Gardner thought the impact of snow would be “minimal.” He recalled the 1984 election, noting a blizzard where it snowed for "like 20 hours."

"There wasn’t a car on the road, but the governor had the plow trucks going three shifts so make sure that everybody could get around," he reminisced, adding that large numbers of people still went to the polls.

This year, Gardner said, “If (the snow) has an impact, it would be a minimal impact in my opinion."

He's basing his high turnout prediction on what he thinks is high enthusiasm this year.

"The whole cycle, going back to when the filing period began in November.
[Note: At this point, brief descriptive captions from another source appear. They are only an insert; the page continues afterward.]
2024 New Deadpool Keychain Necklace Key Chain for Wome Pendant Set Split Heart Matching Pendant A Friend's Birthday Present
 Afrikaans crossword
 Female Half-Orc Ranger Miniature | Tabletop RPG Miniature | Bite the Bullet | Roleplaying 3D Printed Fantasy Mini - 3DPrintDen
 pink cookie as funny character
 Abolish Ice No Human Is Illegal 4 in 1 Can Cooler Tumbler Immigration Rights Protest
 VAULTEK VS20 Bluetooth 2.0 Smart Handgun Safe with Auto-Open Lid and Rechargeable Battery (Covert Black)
And the participation - the New Hampshire voters talking about this," he said.

He also reported updated registration numbers in the state: 231,376 for Democrats, 262,111 for Republicans and 389,472 for undeclared voters. (Undeclared voters can briefly switch their registration to one of the two parties, but registered Democrats and Republicans can only vote in their respective primaries and cannot switch party affiliation before the vote.)

Gardner also reminded reporters of bellwether towns in New Hampshire that have each correctly chosen the winners of the primary since 1952. On the Republican side, he named East Kingston, Lancaster, Newmarket, Pembroke, Rochester, Sanbornton, and Washington. And on the Democratic side, he named Epping, Hudson, Kingston, Laconia, Merrimack, and Rollinsford.

Gardner noted that most people in New Hampshire actually cast their ballots on Election Day instead of voting by absentee. In the last two New Hampshire primaries, only 4.7 percent of ballots were cast absentee and 95 percent of the people voted on Election Day. “That’s unlike anywhere in the country. People want to wait and do it on the day,” he said.